One of the more unusual stories in This Side That Side, an anthology of graphic narratives related to Partition, is by Ahmad Rafay Alam and Martand Khosla. Titled 90 Upper Mall, it begins with Alam, a Lahori, reminiscing about going to London as a law student. At the hostel, he befriends Khosla, an Indian who is there to study architecture.
‘One evening,’ he writes, ‘Martand barged into my room at Willie G and said, in mock outrage—’ Below, there is an image of Khosla with his hands around Alam’s throat and a speech bubble saying, ‘Oi b***ch*d, I want my rent! You’re living in my fu**ing house!’

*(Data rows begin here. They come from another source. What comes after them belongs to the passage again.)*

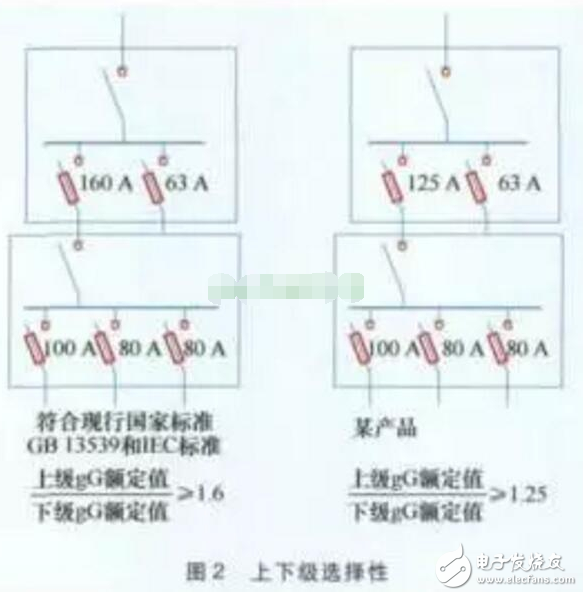 一文讀懂熔斷器與斷路器的區(qū)別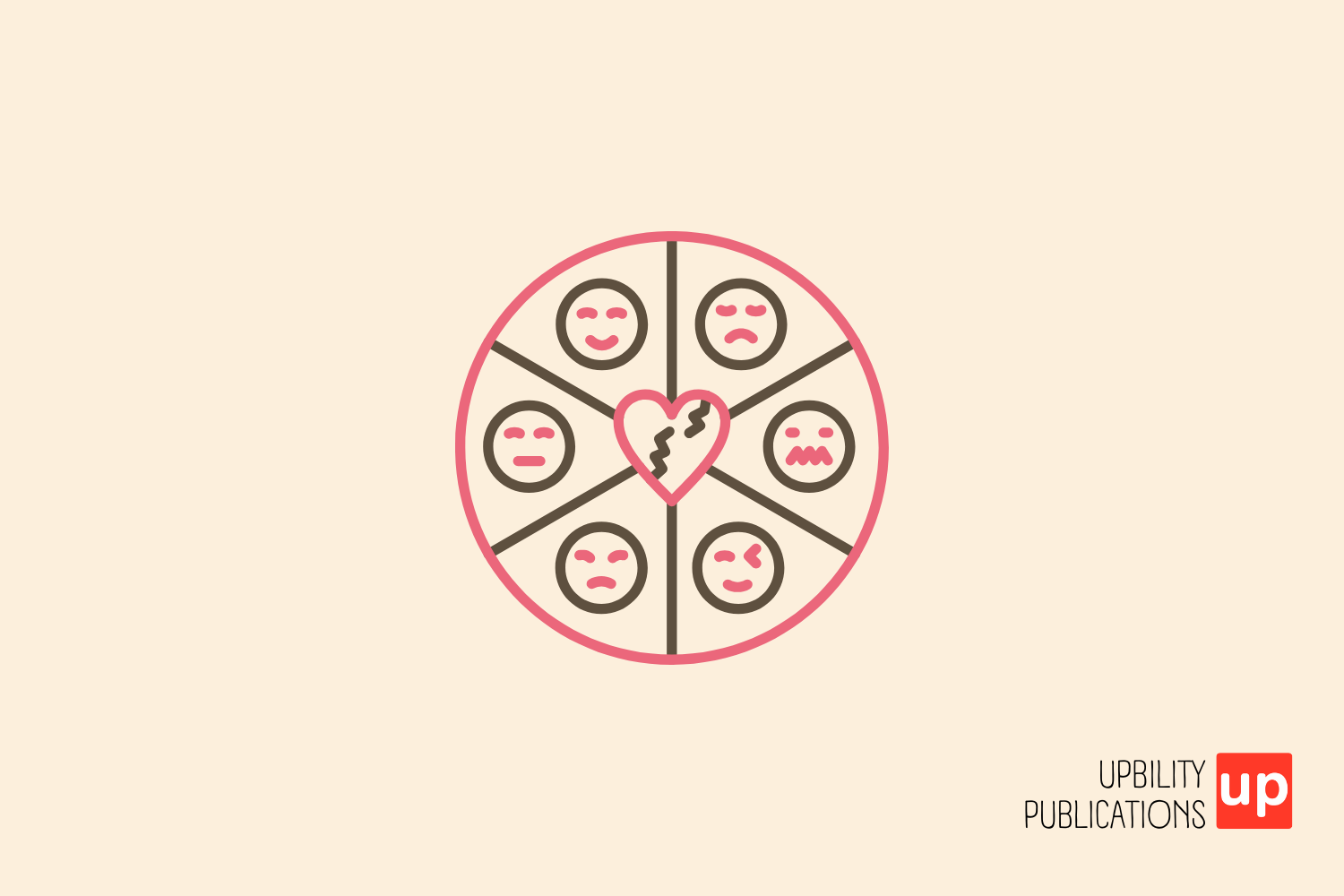 Tema sulle emozioni: Esplorare e Comprendere i Nostri Sentimenti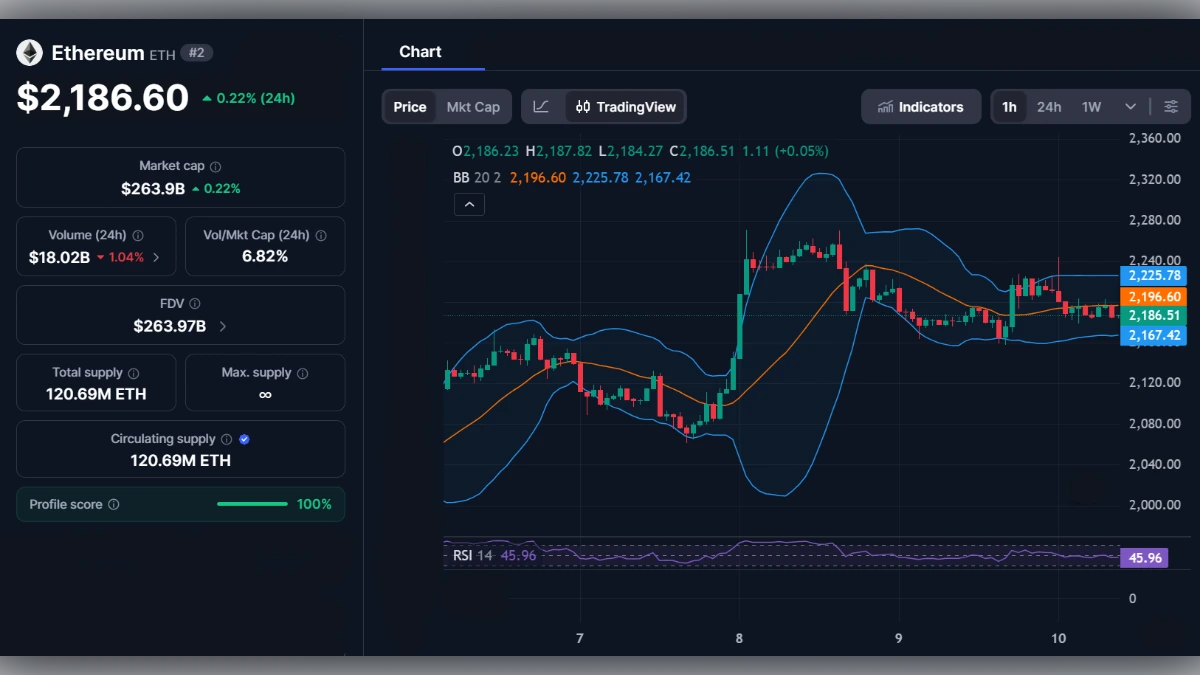 Graphique du prix de l'Ethereum avec indicateurs techniques Bollinger Bands et RSI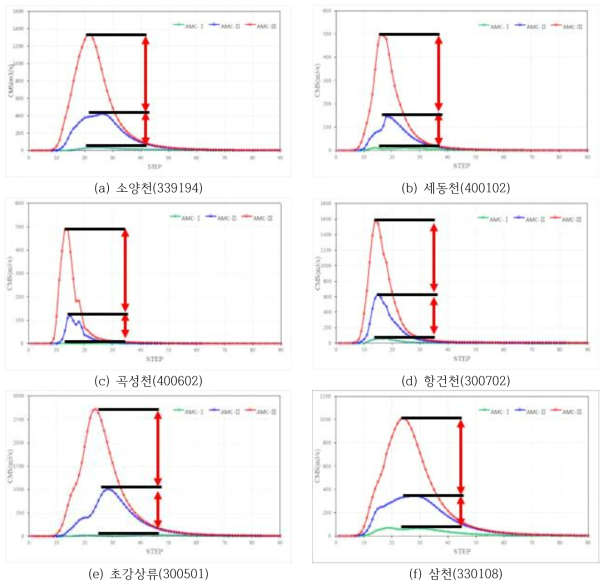 AMC 조건에 따른 표준유역별 유출량 산정 결과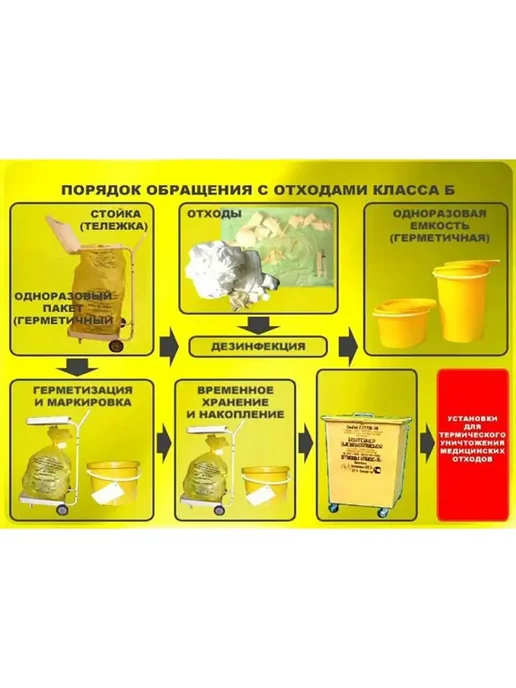 Медтехно Пакет для медицинских отходов класс Б 6 литров, вариант, фото 3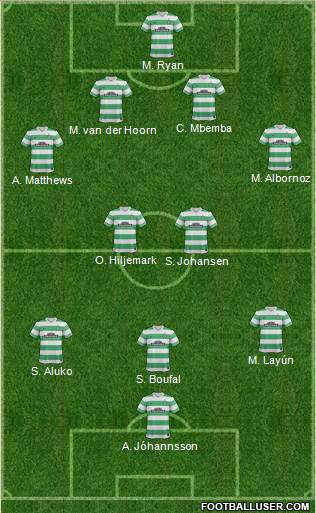 Celtic Formation 2015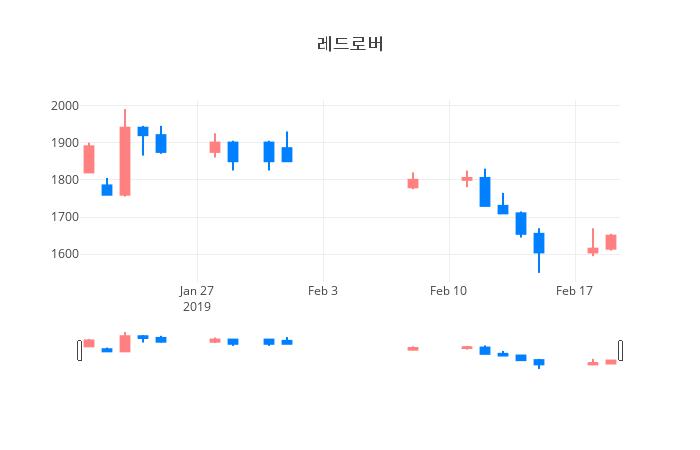 ▲일주일간 레드로버 등락률 변화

The rest of the story is a short history of both families and how it comes together in 90 Upper Mall, a house in Lahore built by Khosla’s great grandfather. His family moved out during Partition, and in 1959 it was allotted to Alam’s grandfather. When Khosla’s father comes to meet him in London, they stumble on the connection during a casual conversation.
The story ends with these lines: ‘The rhetoric of Partition has always been characterised by loss and violence. Yet, in writing this or reflecting on the story, I can’t but think of Partition in terms I’m familiar with: the story of 90 Upper Mall. Maybe this has been our buffer against the prejudices of history.’
90 Upper Mall is one of the exceptions in the anthology because most of the stories are—exactly as Alam puts it—‘characterised by loss and violence’ and they run like a steel thread through the book. This Side That Side, curated by Vishwajyoti Ghosh, runs on familiar tropes like the grief of exile or suddenly turning stranger in one’s own country. What is novel is the use of the graphic form.
India’s Partition was needless and arbitrary but without any wilful malicious force behind it. Perhaps that’s why, in An Old Fable, Tabish Khair and Priya Kuriyan use the allegory of a king so beholden to reason that he slices a child into parts to settle a dispute between two women claiming to be the mother.
The most powerful stories in the book are those that speak of the human experience. A Letter From India is a fine translation by Mahmood Farooqui of a short story by Intizar Hussain. It is a letter from an uncle to his nephew in Karachi after Partition, with lines shuffling between prose and poetry:
your aunt says you must not come alone, you must
bring our daughter-in-law and your children. This
way we will at least be able to observe your children
and see which one is fair and who is dark.
In The Taboo, writer Malini Gupta finds that the village in West Bengal where she goes for her social work can be reached through another route that no one has told her about because it runs through a refugee camp. Intrigued, she deliberately starts taking her vehicle that way and begins piecing together their story.
The refugees there, she learns, arrived from East Bengal after Partition, but the Government forgot about them after its relief and rehabilitation policy ended in 1958. Left to fend for themselves, the camp became home.
She brings out the prison of that existence through the story of Lily, a woman who leaves her husband to start a garage so that she can break free. ‘If I had stayed I would have remained a faceless refugee, disliked, disowned. To me that taboo is greater than the taboo of a single woman,’ says Lily.
Partition’s after-effects continue to the present in myriad ways, from the psychological to the political, including the second Partition between Bangladesh and Pakistan, and there are stories in This Side That Side representing the gamut. Some fail by trying to intellectualise the experience, or by being so clever that they become cryptic.
One story titled Bastards of Utopia, for instance, uses lines from Memoirs of My Nervous Illness by Daniel Schreber presumably as a metaphor for the madness of Partition, and makes little sense. But all in all, there is enough in This Side That Side to make it an arresting kaleidoscope.